Family friend remembers O.J. Simpson's rise to fame long before murder trial infamy
O.J. Simpson wasn't just one of San Francisco's most famous sons; he may have been the most famous for a time. For some, Simpson was a friend who achieved unparalleled stardom, only to see that fame tarnished by the subsequent notoriety of his murder trial.
"It is something that when you can say two letters, you just say O.J," said Timothy Allen Simon. "Just say O.J. people know who you're talking about."
For Simon, the letters O.J. are more than the name of the San Francisco sports hero who became notorious. He knew Simpson from the time he was a child.
"I am a native San Franciscan," Simon said. "O.J., maybe one of the most famous native San Franciscans of all time. I've known his family my entire life."
He says the story of O.J. Simpson is one that has changed the country. It was, at first, the fairy tale success of a young man famously from San Francisco's poorest neighborhoods.
"You might say this is what I'm trying to do. I'm trying to make it," Simpson said in an interview in 1967. "I came from a pretty rough neighborhood around here in Hunters Point."
"Yeah, it was tough," Simon said of the neighborhood. "It was tough. Life is tough. So we say tough. I hope your viewers don't think it was because of the zip code necessarily."
"And I feel that if I make it, that would be a good example for other kids up there," Simpson said of his rise to fame during the 1967 interview when he was still on the rise at USC.
"Not out of wealth or opulence or with a silver spoon," Simon said of how Simpson accomplished it. "But that if you apply yourself, if you work hard, that you can become something great. And he did."
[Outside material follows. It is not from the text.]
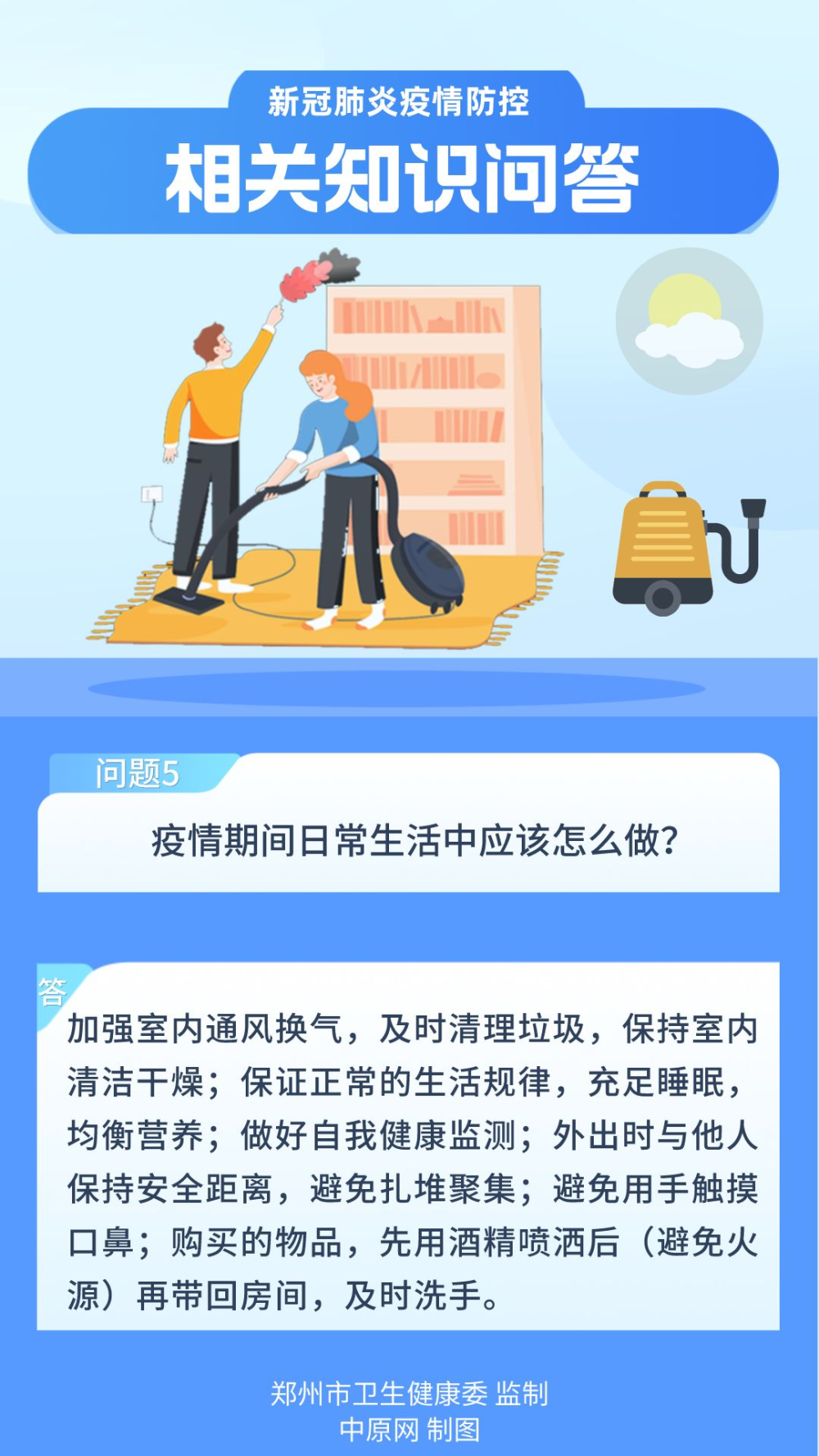 科学防控，郑州疫情何时结束？希望之光已显现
And then there are the other chapters of the Simpson story. The chase, the murder charges, and the trial of the century.
"I would say that maybe the trial of two centuries," Simon added. "In the fact that it is still as vivid in the minds of those who witnessed the trial. And I think this is an important point that it created an industry within the media itself."
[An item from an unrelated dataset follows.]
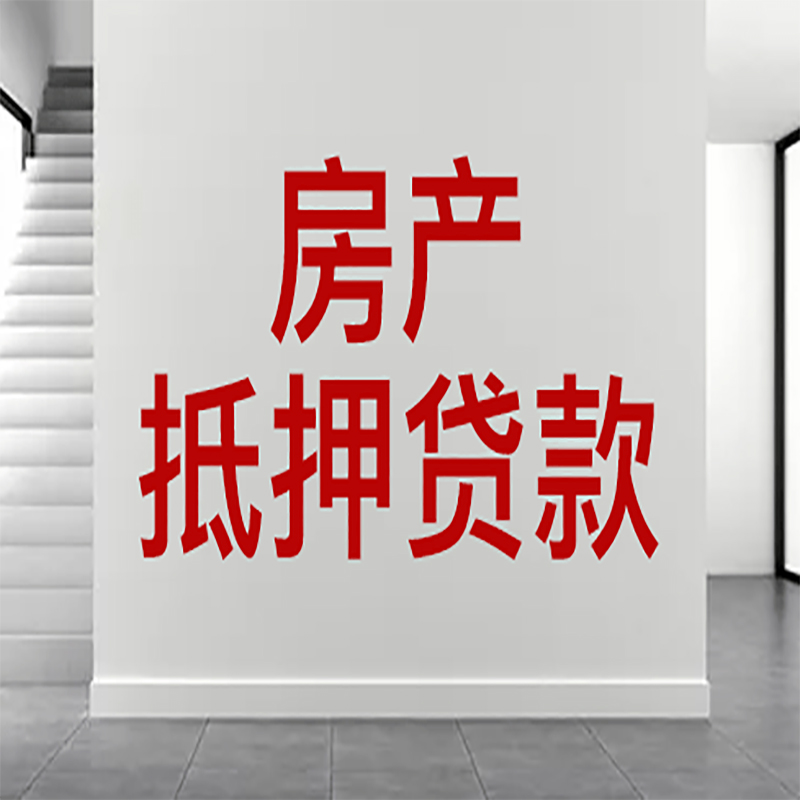 迎泽房屋抵押贷款年限|个人住房抵押贷款-具体需要多久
The media frenzy surrounding a trial that would run right through America's racial divisions. An attorney, Simon watched the verdict with his colleagues.
"Our department of over 200 people went to the law library to watch the verdict," he recalled. "We were families. In some cases, folks were literally married. They knew that verdict was going to be controversial. But I think people were trying to not be in a situation where their emotions could impact their professional friendships."
And the reaction to the verdict, in Simon's mind, another part of a long complicated story that riveted the nation, and challenged it.
"He was acquitted," Simon explained. "By a jury of his peers. Which means that he's innocent. Much of America, and I would include, no offense, the media, decided, 'Well, even though he was acquitted, we are going to make the determination that this man was guilty.' And that is un-American. If we're going to call ourselves Americans, we should stand. True, we should be devoted to that concept, that construct, of our Jeffersonian democracy."